Святой хлопец, чо тут скажешь?! И ты молодцом был, когда за него на сходке заступился. Добросовестно вел себя. Нас-то, знаешь как прижучили?
От смены воспоминаний расположившаяся на большом лице Дьяка доброта стала перерождаться в другое состояние, обретая строгую суровость в глубоких складках у твердого рта.
– Два года мента прикармливали. Сколь добра извели на бездельника, столь ему у своей власти за три века не заработать. А он…
Дьяк озадаченно уставился на Упорова с плаксивой обидой в чистых глазах.
– Как же так можно, Вадик?! Ишо партейный, даже в ихней сходке…
– Бюро, Никанор Евстафьевич, – уточнил Упоров, – партийное бюро. А он, значит, его член.
– Пусть и так. Кем ни назови негодяя, а совести у него не сыскать. Но ничо. «Грехи наши горят и сгорают скорбями». Сгорит и тот член бюро…

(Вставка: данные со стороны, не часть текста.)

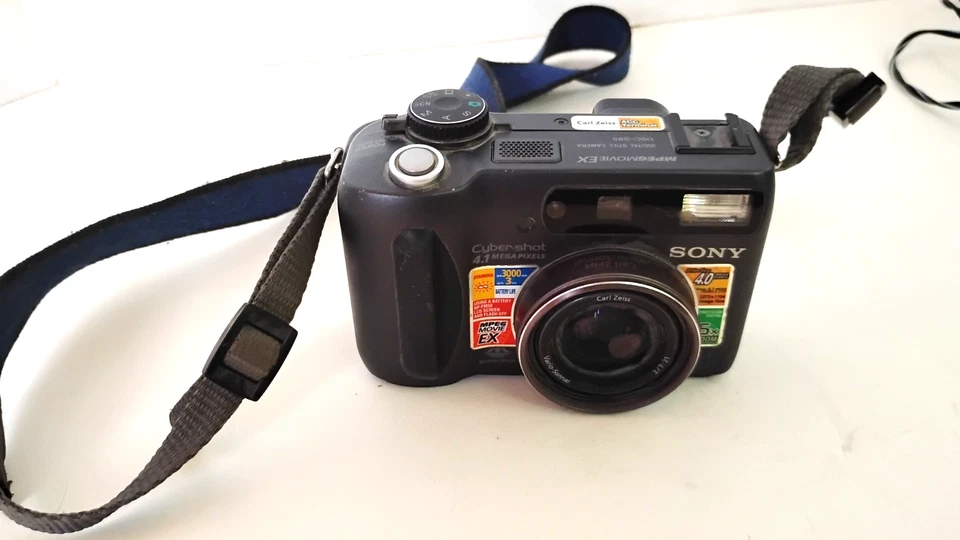 Sony Cyber-shot DSC-S85 4.1MP Digital Camera - Untested - Image 1 of 4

Урка тяжелым мешком навалился на стол, чтобы подвинуться ближе к Упорову, сказать шепотом, не меняя, однако, душевной простоты голоса:
– Убьем его, потому как всем обидно…
Сел на старое место, взял блюдце по-купечески хватко – пятью пальцами снизу, сделал глоток и говорил уже о другом:
– Они, суки то есть, сюды сразу кинулись. Мечтали по соннику дело свое злодейское сотворить. Но Клей не спал, он ведь умрет скоро, спать ему ни к чему, крикнул. Все – за ножи. Шестерых впустили, остальным – извините! – двери – на запор. Дверь-то у нас – продуманная, от любого врага заслонит.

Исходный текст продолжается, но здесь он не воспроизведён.